Industrial output is on a high

Polish seasonally adjusted industrial output in July rose by 7.8% y/y. In the picture: laboratory of high and extremal tensions in Tele-Fonika Kable S.A. (power cable factory), Bydgoszcz. Tytus Żmijewski/PAP

Poland’s industrial production went up by 10.3 per cent in July compared with the same month last year, the country’s Central Statistical Office (GUS) said on Monday.

The stats are an improvement on the projected increase of 9.7 per cent, having only fallen 5.4 per cent on the month before, instead of the projected 5.7 per cent.

Poland's construction continues to be strong with a 18.7 per cent year on year increase, though it fell from 24.7 per cent year on year growth in June.

Prices of land for development in Poland are soaring with places such as Warsaw and Tricity seeing a 50 per cent increase since 2015.

The recent boom in the real estate market has led to a shortage of land for development which, coupled with the increasing cost of construction plots, has sent apartment prices spiralling.

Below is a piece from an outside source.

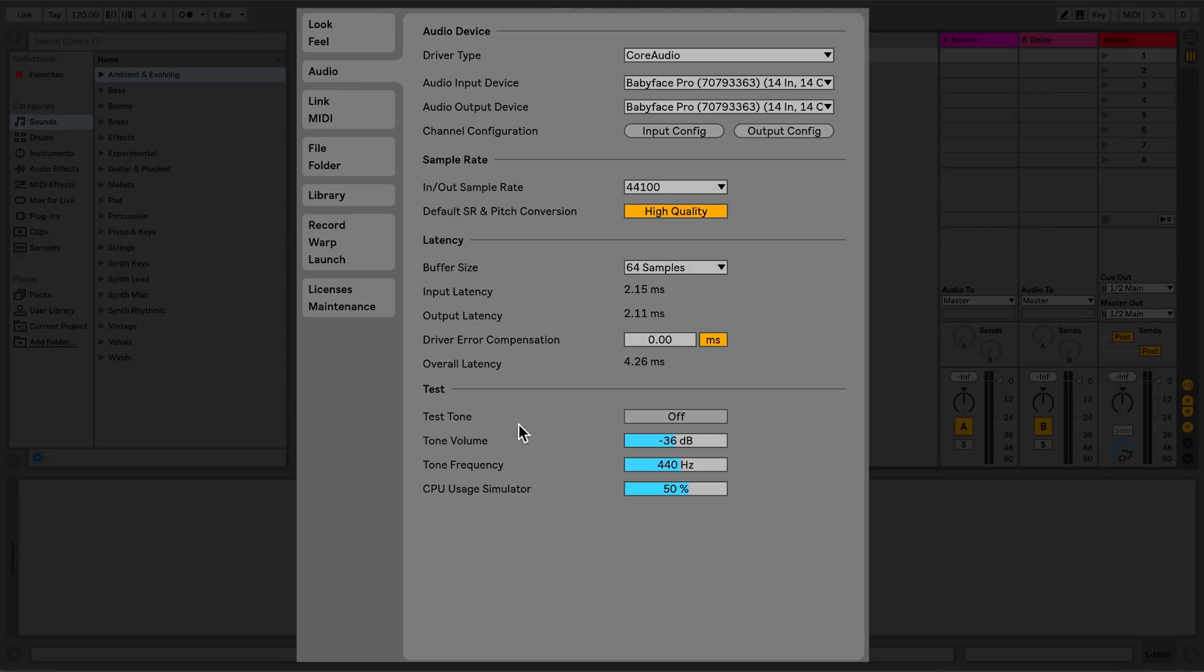Latency, to adjust the latency of your interface. And the last section, Test. This section can be used to simulate CPU load to make sure that your latency set for your audio interface doesn't produce audio artifacts.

On top of this, labour and material costs have also increased, mainly due to the accumulation of major infrastructure projects, which – being co-financed by the EU have to be completed and cleared by the end of 2022.

BZ WBK economist Grzegorz Ogonek said: “The industrial output itself is also a very positive signal for us, although it diverges from the forecasts to a much smaller degree. One should also take a look at this data that GUS clears of the seasonal factors, and there, the growth is at 7.8% y/y, the highest reading since October.

“Apparently, as far as the construction is concerned, limitations on the side of output capacities, resulting from labour shortage, have surfaced,” Ogonek said.

“We know that this factor should manifest itself somehow in the readings, especially given the fact that construction prints have been very strong for a long time.”

He added: “Let us also remember that as recently as several months ago, we had doubts as to whether the economy in the Eurozone lost its luster, or whether it was faced with temporary distortions. . . . It seems that this is some sort of proof that Europe has not entered economic stagnation, and those several weaker readings from the beginning of the year did not point to a slowdown. . . . For us, this is a good sign.

“It is being said that the second half of the year will be marked by a gradual deceleration of the economic growth in Poland. It seems that we are free to stress the word "gradual" here - today's data does not indicate that we will be faced with a clear deceleration at the onset of the year's second half.”